Activity classification training and inference both use either MPS (on Macs with AMD GPUs) or MXNet (using GPU or CPU, as available).
Thanks for clarifying @nickjong
We should probably just go ahead and use the Intel GPU anyway, since this is less confusing. Need to verify that this works end-to-end though
Ok, thanks for the update.
Hi @nickjong , I wanted to check if we have any updates on this.
Sorry, nothing concrete to report yet, although activity classification is something we're actively investigating now
We currently expect/hope to support Skylake Intel GPUs and later, in June
Hi
Im curious if there is any public documentation on CoreML's device selection heuristic. With the addition of 10.15's CoreML preferredMetalDevice API for MLModelConfig, I imagined it would be possible to force the MTLDevice an MLModel / Vision request runs on.
In my testing with integrated, discrete and eGPU, it appears only the eGPU consistently runs the CoreML model. My CoreML Model is a pipeline model consisting of a Mobilenet classifier with multiple outputs (multi head classifiers attached to a custom feature extractor).
Im curious to understand device selection preference for a few reasons:
a) Id like to ensure my MLModel is fed images CIImages backed by textures local to the device inference will be run on, to limit PCI transfers and keep things local
b) my model is actually fed frames of video, and WWDC '19 / 10.15 introduces VideoToolbox and AVFoundation API's to help force particular video encoders and decoders on specific GPUs.
In theory, if all works well, I should be able to specify the same MTLDevice for video decode, preprocessing, CoreML/Vision inference, and subsequent encoding - keeping all IOSurface backed pixel buffers and textures resident on the same GPU.
Apple has a Pro Apps WWDC video suggesting this is the path forward to fast path Multi GPU support / Afterburner decoder support moving forward.

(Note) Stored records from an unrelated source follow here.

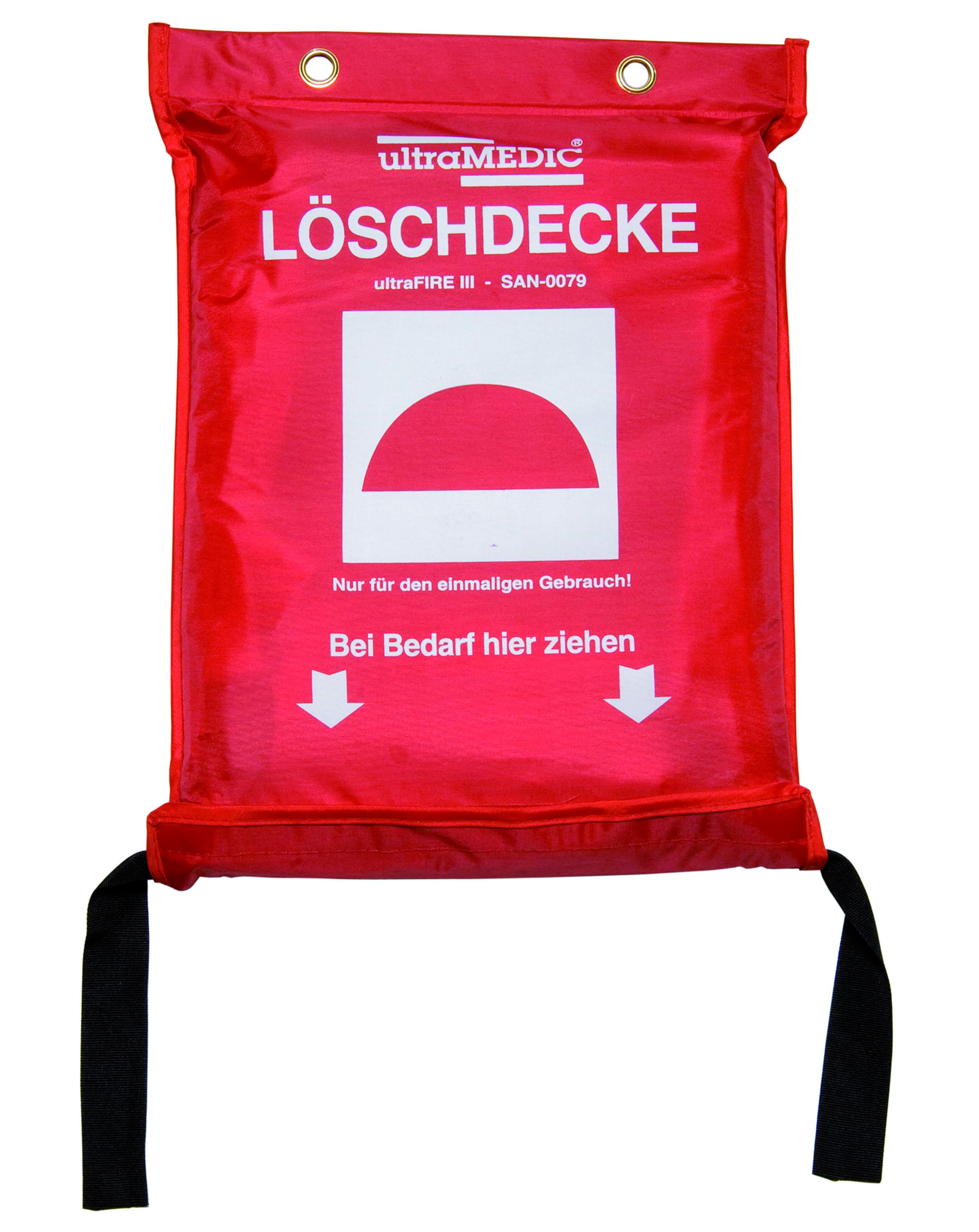 Feuerlöschdecke ultraFIRE V Feuerlöschdecke ultraFIRE V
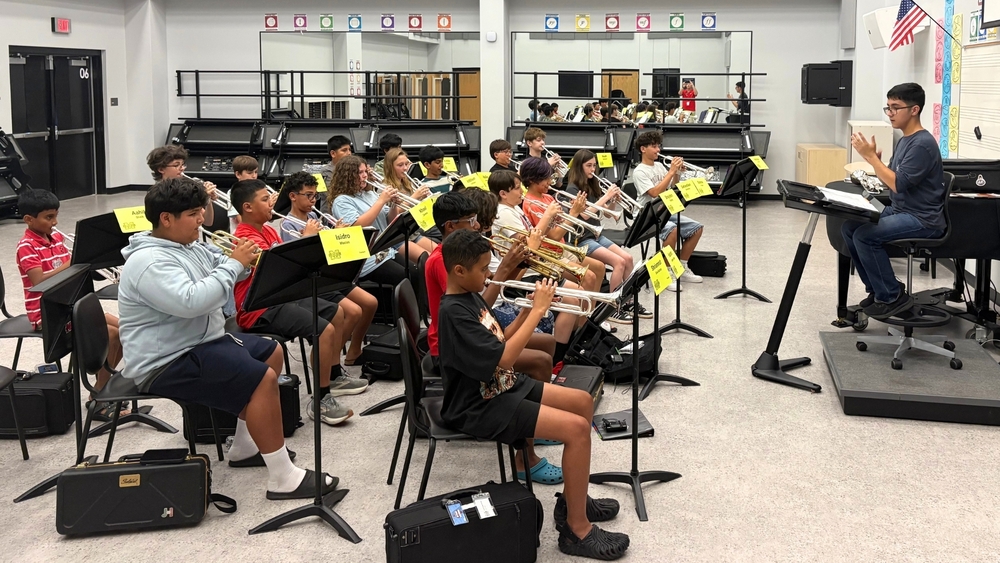 ECMS Band
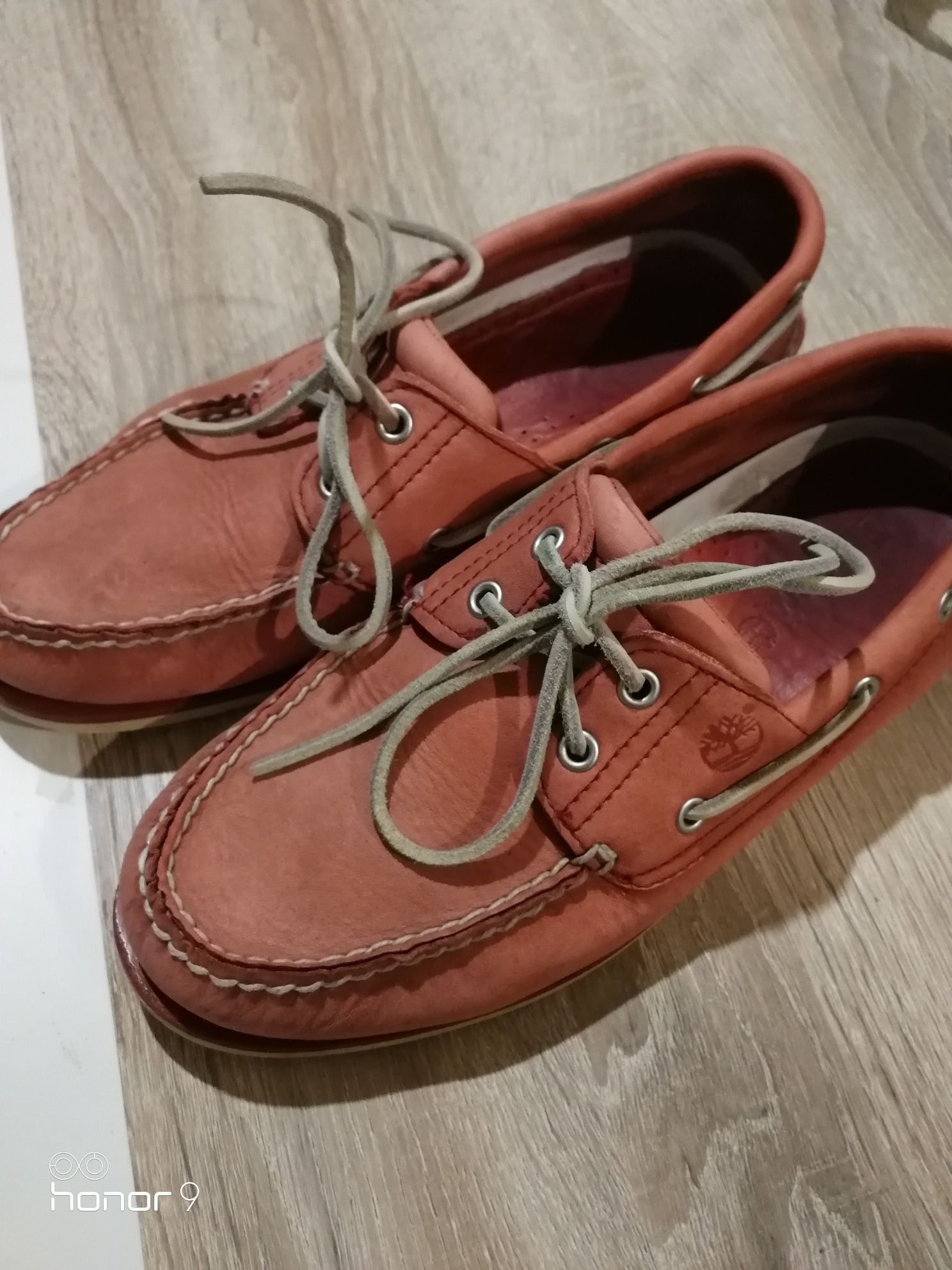 Топсайдеры Timberland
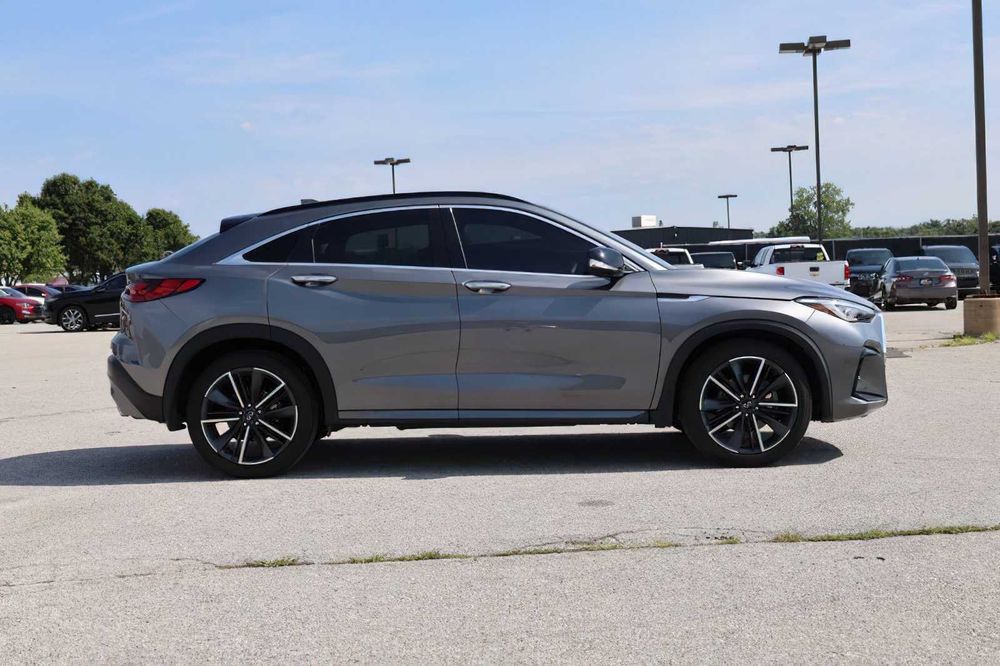 Infiniti QX55      2023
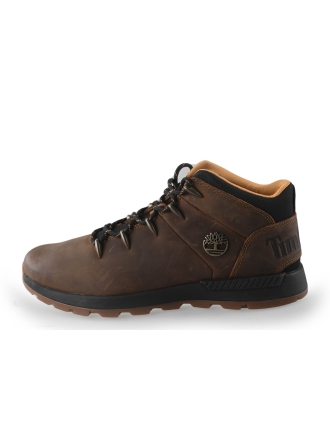 Timberland Veterschoenen Zwart 261325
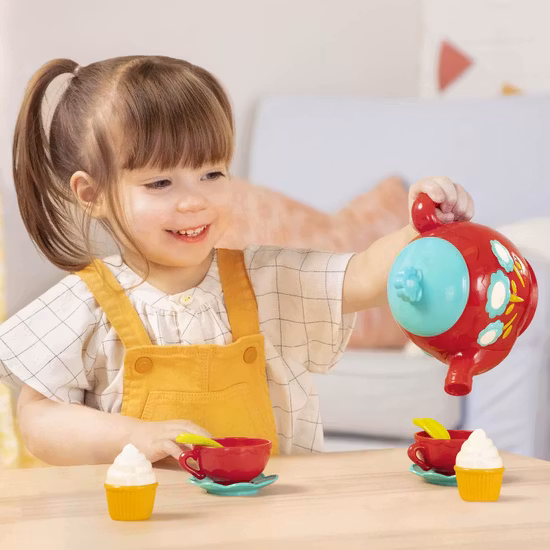 Battat Toys Musikalisk telekset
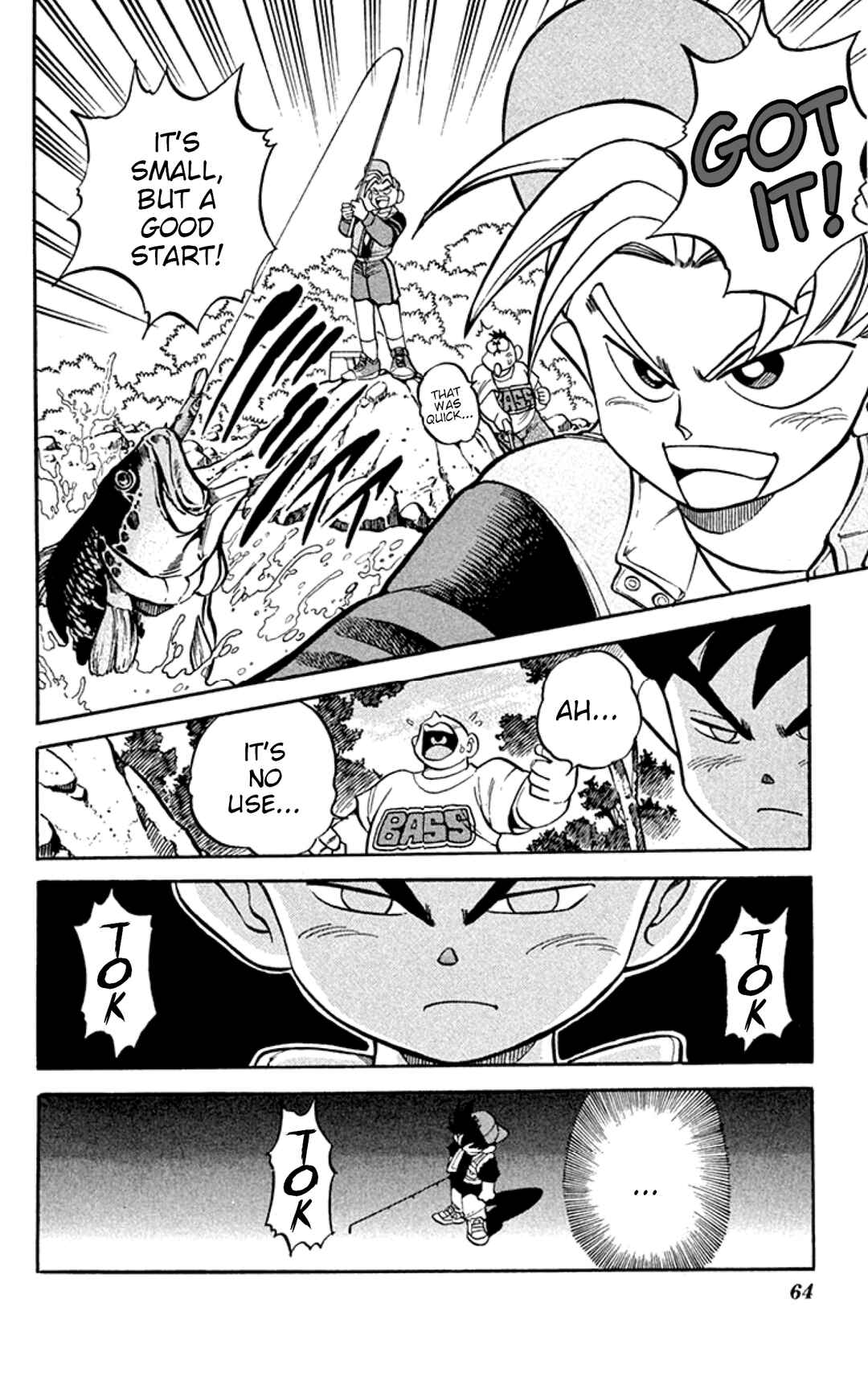 Page 22 Chapter 2 Grander Musashi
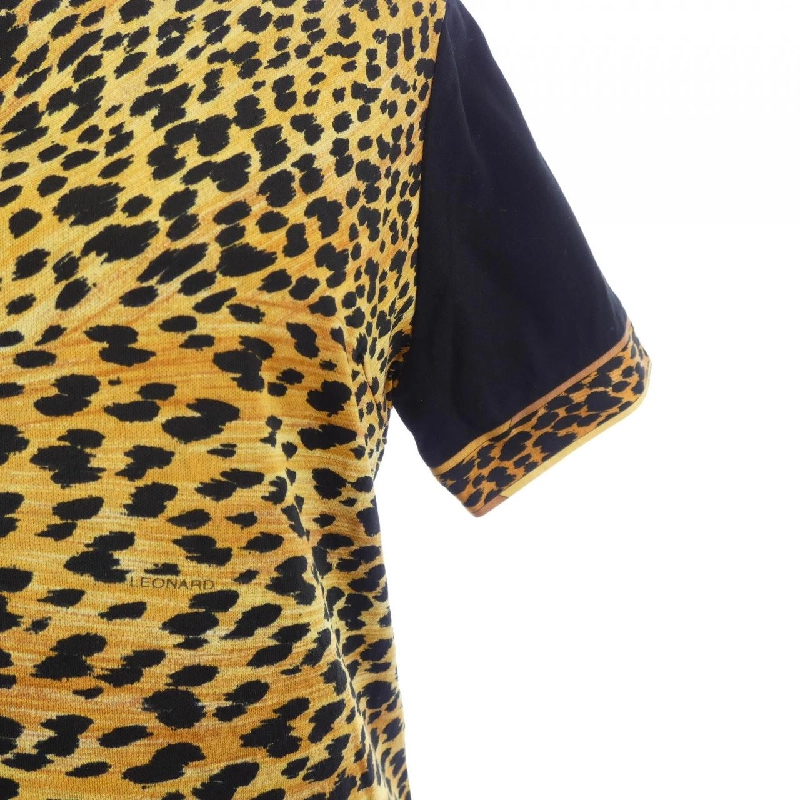 Áo thun thể thao LEONARD SPORT - Hàng hiệu Authentic 828673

Does CoreML ACTUALLY allow suggested device placement to work?
I am running a retina MacBook Pro 2018 with Vega 20 GPU, and trying various methods to get the Vega 20 to light up.
Disabling automatic graphics switching
Disabling automatic graphics switching / setting NSSupportsAutomaticGraphicsSwitching to False
Disabling automatic graphics switching / setting NSSupportsAutomaticGraphicsSwitching to True
Enabling automatic graphics switching / setting NSSupportsAutomaticGraphicsSwitching to False
Enabling automatic graphics switching / setting NSSupportsAutomaticGraphicsSwitching to True
having a full battery and plugged into my Apple power adaptor
having full battery and plugged into my eGPU
I can only on occasion get the Vega 20 to 'light up' - but can consistently have CoreML run on the eGPU (Radeon 580)
I can inspect the CoreML model and see its MLConfig has a preferred device set to the Vega 20, but Instruments, Xcode, and Activity Monitor all report no GPU usage on the Vega 20, and in fact, sometimes no GPU usage at all (not even the integrated GPU).
Any insight would be most helpful.
Apologies if this is not the best repository to post my query to.
Thanks in advance.
@vade - this isn't the right place to ask this question. I suggest reporting the issue here: https://developer.apple.com/bug-reporting/
I hear you @TobyRoseman - however having these convo's in the open rather than behind closed feedback is helpful to other developers who have similar questions, and leaves a breadcrumb trail to answers. I'm sure you understand!
But yes, ive asked there and on S/O as well. Appreciate the response!
In OS10.14, activity classification works fine with CPU. I tried to force it to use MPS by setting use_mps() as True in the file _mps_utils.py. But the test case is just crashing.
Image classification seems to be using MPS, but I am not sure why activity classification is not.
Has the activity classification been verified to work with MPS? If so, could you share the steps to get it working?